Les marchés financiers ont très mal réagi, la semaine dernière, à la publication d'indicateurs économiques américains plutôt encourageants: augmentation des ventes des détaillants, des mises en chantier, des permis de bâtir, des prix à la consommation, de la confiance et de l'indice de confiance des PME, jumelée à une diminution des demandes initiales d'assurance chômage qui faisait suite à la baisse du taux de chômage publiée la semaine précédente.

Tout cela ne signifie-t-il pas qu'augmente la probabilité que la Réserve fédérale (Fed) commence à ralentir le rythme de sa planche à billets dès septembre?

Bien sûr que si, n'en déplaise aux spéculateurs qui carburent au crédit facile.

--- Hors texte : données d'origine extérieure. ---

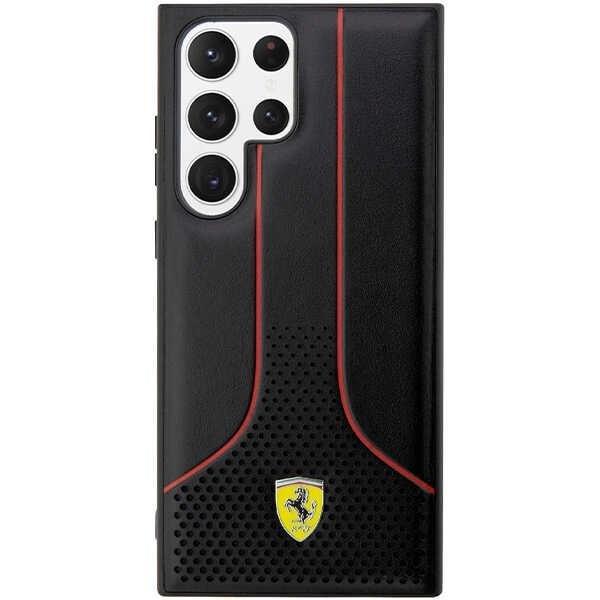 Ferrari Galaxy S23 Ultra -kuori Perforated 296 P - Musta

Si l'économie réelle se porte un peu mieux, on ne peut que s'en réjouir.

Cette situation met surtout en relief combien il devient difficile pour les banquiers centraux de communiquer leurs intentions clairement et de manière transparente.

En mai, le président de la Réserve fédérale, Ben S. Bernanke, avait évoqué une première fois que la troisième ronde de détente quantitative (DQ3) annoncée en décembre n'était pas éternelle. Le 19 juin, en conférence de presse, il avait évoqué un scénario selon lequel la Fed pourrait ralentir dès l'automne le rythme de ses achats mensuels de 85 milliards US en obligations du Trésor américain et en titres adossés à des créances hypothécaires, ce qu'on appelle la DQ3, et que celle-ci pourrait être terminée l'été prochain.

Beaucoup y ont vu un resserrement monétaire imminent, ce qui n'est pas du tout le cas. Il s'agit plutôt d'une augmentation moins rapide de la DQ3.

Le taux directeur, qui évolue dans une fourchette de 0 à 0,25% depuis décembre 2008, restera en place au moins tant et aussi longtemps que le taux de chômage ne se stabilisera pas à au plus 6,5%, à moins que les perspectives d'inflation ne dépassent les 2,5% sur un horizon de 12 à 18 mois.

Le taux de chômage était de 7,4% en juillet, tandis que l'augmentation annuelle du coût de la vie était de 2,0% en juin.

Même si la Fed a le double mandat d'assurer la stabilité des prix et de maximiser l'emploi, on peut s'étonner qu'elle ait retenu le taux de chômage comme baromètre du marché du travail.

Le taux de chômage, défini comme le nombre de personnes cherchant activement un emploi ou mises à pied pour un temps défini en proportion des gens qui détiennent ou cherchent activement un emploi, n'est pas un bon indicateur de la santé du marché du travail.

Le taux d'emploi, défini comme le nombre de personnes qui travaillent parmi la population active, ou le taux d'activité, qui correspond à la proportion des gens âgés de 15 ans et plus (16 ans aux États-Unis) qui détiennent un emploi, sont de bien meilleurs indicateurs.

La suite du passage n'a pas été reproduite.